Like many of the women in Greek life at UChicago, I didn’t think I’d join a sorority in college. The stereotypes aren’t uncommon: Everyone in sororities is blond, basic—bitchy, even—none of which I see myself as. I knew, of course, before coming here, that UChicago is far from a party school and that Greek life here would probably be different from what I pictured at a Southern state university. Even still, while I signed up for rush last fall, I couldn’t bring myself to go through with it. I felt like I didn’t know enough about Greek life to commit to it so early in my college years.
My reservations about getting involved with Greek life were quickly dispelled, though, as I got to know more women in sororities and learned that they were much more relatable than the stereotypes in my head had suggested. Sometime in the middle of my first year, I realized that I desperately wanted a way to connect with more like-minded people on campus. When the pandemic hit, I knew that meeting new people would be harder than ever. So, with the encouragement of my roommate, I decided to rush again this fall, and joined Delta Gamma (DG). As apprehensive as I might have initially been, I can confidently say that joining Greek life was one of the better decisions I’ve made since coming to campus.
I’ve never considered myself to be a good example of the typical UChicago “quirky” character. Throughout first year, while I did make many dear friends, I found that I didn’t really have a lot in common with many of the people I happened to encounter in my day-to-day life, such as some of my housemates. I’ve found DG to be particularly valuable in giving me an opportunity to find a community I belong in—people whom I could spend several hours talking with the first time I meet them; people who I spontaneously discovered shared some of my most random interests like learning languages or criminal justice research; and most of all, people whom I know I can relax, be myself, and have fun around. I remember thinking during rush that I could see myself being friends with almost every woman I spoke to in DG. And I was initially skeptical about this translating to the entire chapter of nearly 200 people—another misconception about sororities is that we all secretly hate each other—but the sense of community is something that I’ve found to be just as strong even after joining.

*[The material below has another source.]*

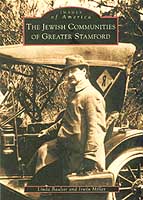 book cover showing Dr. Jacob Nemoitin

This has been important particularly during a pandemic, when opportunities to meet new people have been so limited. In DG, I’ve gotten to meet all kinds of different, diverse women who value our organization's mantra of “doing good.” I’ve made friends I can genuinely count on, despite having not known them very long. And beyond friendship, whether it’s finding a study buddy, a mentor I can reach out to for advice on internship recruiting, or someone to teach me Excel for some coursework, joining a sorority has given me a support system for all kinds of little things that I didn’t realize would add up to be so valuable. It’s a tightly knit community that I wouldn’t really have been able to find elsewhere.
That is not to say that Greek life in general doesn’t come with its own issues, including institutional class and race barriers. But what I admire about the women I’ve met in DG is that they strive to address the chapter’s specific issues to make the sorority experience better for existing members, and easier for potential new ones to choose to join us. In response to financial concerns, I’ve seen our vice president of finance work to make dues as low as the national executive offices will allow, and I’ve been proud to work with our honor board to create alternatives to fines. In an effort to combat Greek life’s history of excluding people of marginalized backgrounds, I’ve been in meetings where we’ve discussed ways as a chapter to create liaisons with our multicultural organizations on campus, after we address our own issues to the best of our ability. In order to tackle the problem of sexual assault in Greek life, I’ve seen leadership plan a new, comprehensive reporting and prevention policy for chapter members as well as conduct workshops on how we can learn to support survivors. And this has just been the beginning. As a financially independent woman of color myself, I’ve been so proud to see my fellow DG members strive to reform the chapter’s policies and operations in response to these institutional issues.
I can’t argue that DG or Greek life as a whole is perfect. And I certainly can’t speak for every chapter on campus or every UChicago student in the system. Greek life is something that will always have its critics, and not for invalid reasons. But what I can say is that I’ve seen my chapter commit to learning from criticisms, implementing reforms, and becoming more institutionally inclusive—and I couldn’t be happier about it. Joining DG has been a crucial component of my college experience in these months so far, and I can tell that it will only become more important in the future as COVID-19 restrictions are lifted. Sororities definitely aren’t for everyone. But for those of you who might be considering rush, don’t be deterred by all the posts on UChicago Secrets—you might find that it shapes up to be a lot more than what you think it is.
Manya Bharadwaj is a second-year in the College.